National polls show that Republicans would take the brunt of the blame for a dive over the so-called fiscal cliff. A Washington Post/Pew Research Survey released this week found that a majority of the public (53 percent) would point the finger at Republicans if Congress fails to reach a deal on taxes and government spending. Just 27 percent would blame President Obama.
But are national polls really the right tools with which to understand the political consequences of this latest legislative limbo? After all, the Romney and the Obama campaign both eschewed national polling during the campaign, focusing instead on the battleground states that would deliver the Electoral College.
And, when it comes to the House, a national sample isn't particularly predictive either. There are very few Democrats or Republicans who sit in "swing districts." Just 81 members of the House - less than 20 percent - won their seats with less than 55 percent of the vote.
In other words, what the general public thinks is not necessarily indicative of what the voters in the individual districts think. In fact, most Republicans are much more worried about a challenge from their right in a primary than a challenge from a Democrat.

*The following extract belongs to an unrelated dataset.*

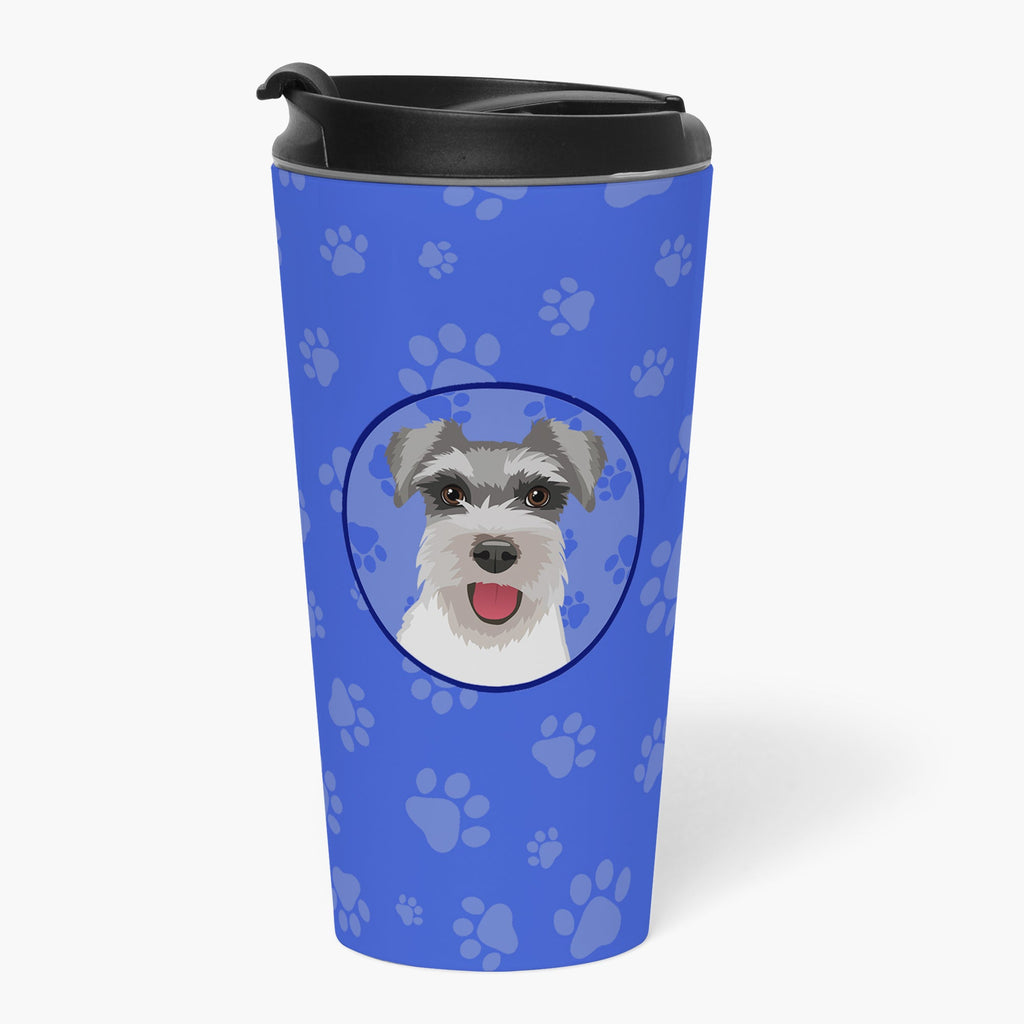 Schnauzer Salt and Pepper #3  Stainless Steel 16 oz  Tumbler Blue Insulated Tumbler with Lid, Cute Travel Cup for Coffee, Cocktails, Gift Men, Dad, Women, Mother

"National polls in a Presidential race are useless for sure, and they are useless to members of Congress trying to make decisions about their own personal politics," says Democratic pollster Jefrey Pollock. "But that doesn't make them totally worthless. Just because the congressional folks are reelected by large margins, it's still important to take temperatures of national sentiment. It's very interesting/important to note what people nationally think about who should be blamed because that drives media coverage and the narrative."
Republican strategist Jon Lerner agrees that national polling drives the national discussion, which in turn drives the national mood.

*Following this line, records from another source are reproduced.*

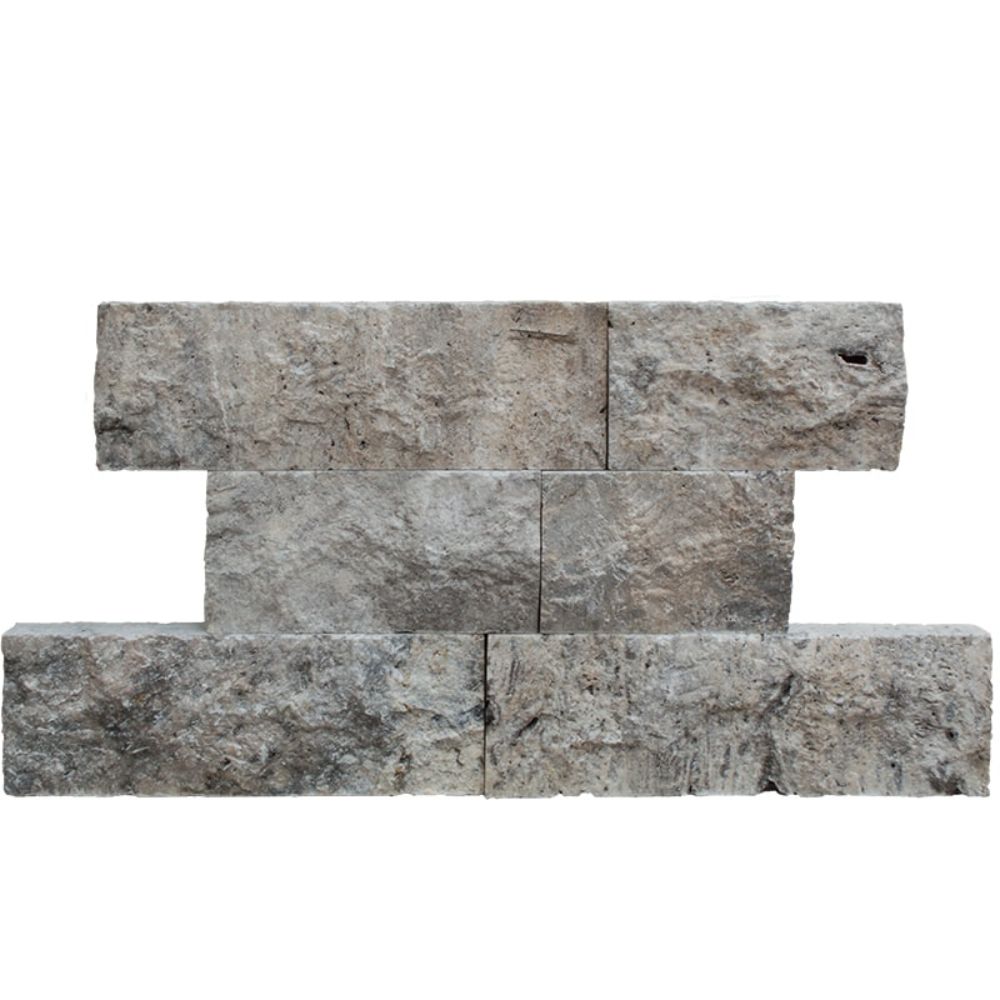 Silver Travertine 4xFree Length Split Face
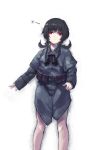  belt binoculars black_hair long_sleeves looking_at_viewer military military_uniform nightmaremk2 no_pants original pouch red_eyes short_hair simple_background smile soldier solo twintails uniform white_background 
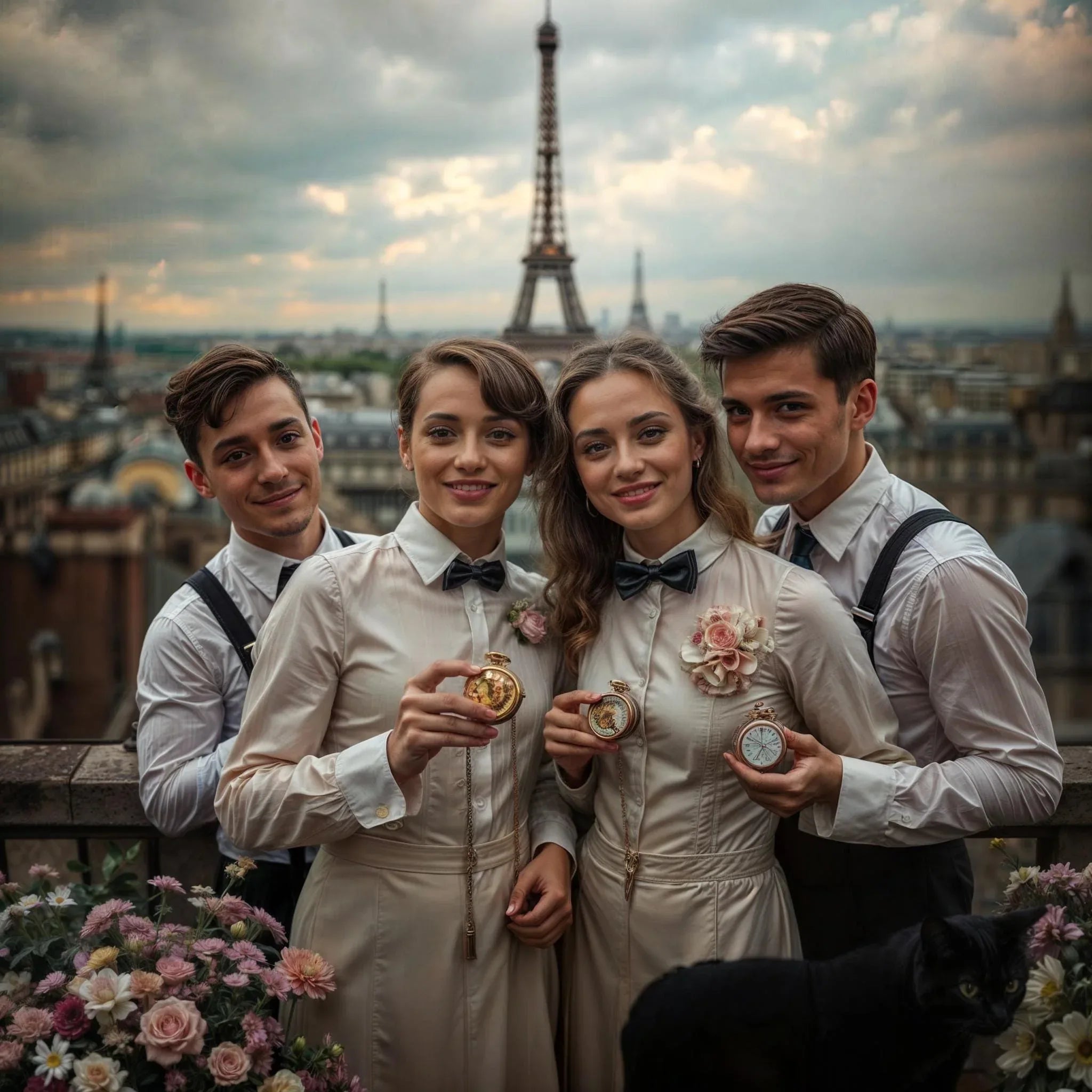 Montre de poche Downton acier – cadeau élégant personnalisé - Roaring 20s Paris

"National polls are necessarily broad, and they are therefore informative in a broad sense about the political environment and about national policy questions," says Lerner. "If national polls say the Iraq war, or Obamacare, are broadly unpopular, it says something about the direction the national political discussion will take on those issues and on others that might have less energy behind them."
Democratic pollster Geoff Garin says that you can actually use national data in "situations like now, when there is a national policy debate going on," to gauge voter sentiment in individual districts.
"If you believe, as I do, that the high ground in politics is being able to capture the high ground in the center, national polls tell you a lot about where the center is," Garin told me. "And if your sample is large enough so you can understand responses by partisanship, geography (region of country, type of area), race, other demographics, etc., you can take a pretty good guess about the driving forces and what they would look like in a particular state or CD. And it is just a lot more cost efficient to do a large sample national survey than a bunch of state surveys."
But, while national polls can be of some value in understanding the mood of the country going into the fiscal cliff debate, what they can't predict is the response of voters if we indeed fall off that cliff. How voters assess blame today may be very, very different from who they hold responsible in the aftermath of a crisis.